Alternatively, if they decide he should stay at Stamford Bridge, he’ll be staying – at least until the end of his contract. And if they decide he should be sold, then as long as a club is found that is willing to pay the quite substantial sum required by Chelsea, then he will be moving on.

The truth is that Lukaku is nowhere near as good as he thinks he is. His initial performances at the World Cup, where he struggled against tight, compact defences, highlighted his limitations – his first touch is poor, his positioning is haphazard, and his ability to beat intelligent, skilful defenders is dubious.

Having said that, he does possess pace, power and the ability to finish and his performances on loan should have won him the right to prove that he can cut it as a useful member of the first-team squad either at Chelsea or another top-level club.

And – to be fair to Lukaku – it’s not just the player who isn’t keen on another loan spell. The Blues are also unconvinced it would be of any value to either party. However, Chelsea are unlikely to let Lukaku leave for much below the hefty £30 million price tag they have reportedly placed on him – and that’s a valuation that may frighten off all but the more determined bidders.

In reality, Lukaku’s future may well be decided by factors outside the control of both player and club.

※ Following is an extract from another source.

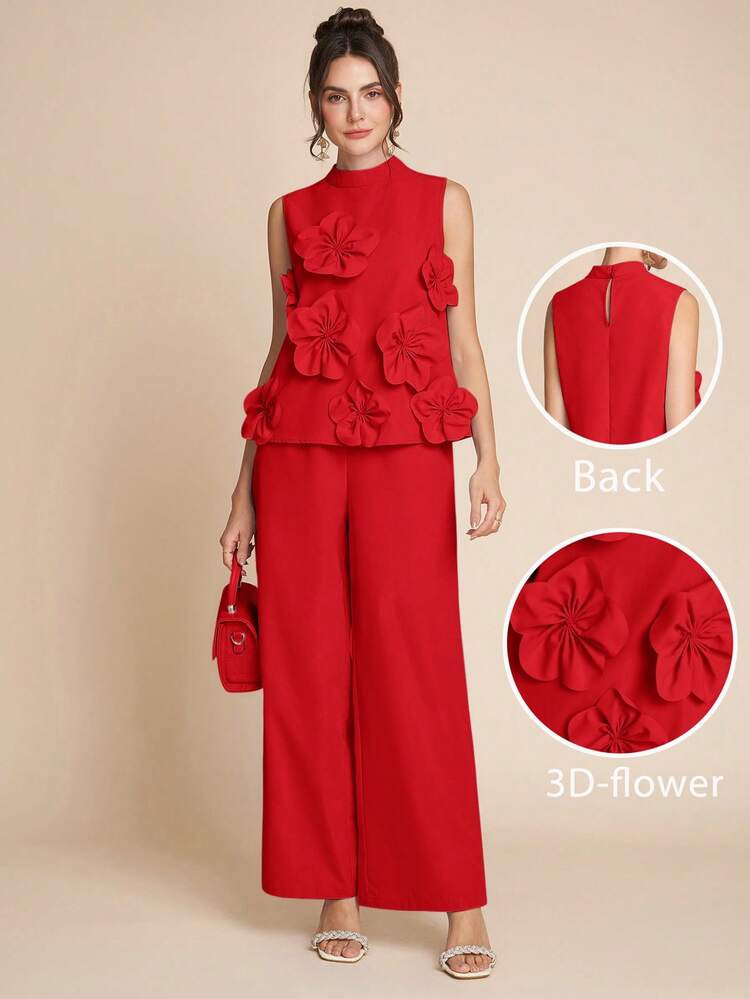 Amorya Conjunto De 2 Piezas Para Mujer: Top Elegante Y Romántico Con Flores 3D Y Pantalón De Pierna Ancha | SHEIN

For example, any chance of him going to Atletico Madrid may depend on whether Diego Simeone really doesn’t fancy having him in his side, as has been reported. Or it may depend on whether Juventus are willing to take him as part-exchange in any deal for midfielder Paul Pogba.

But whatever fate awaits the striker, he would be best advised to keep his public comments uncontroversial. The practice of making statements about how you’ll only play at certain clubs in certain circumstances tends to come back and bite you when you least want it to.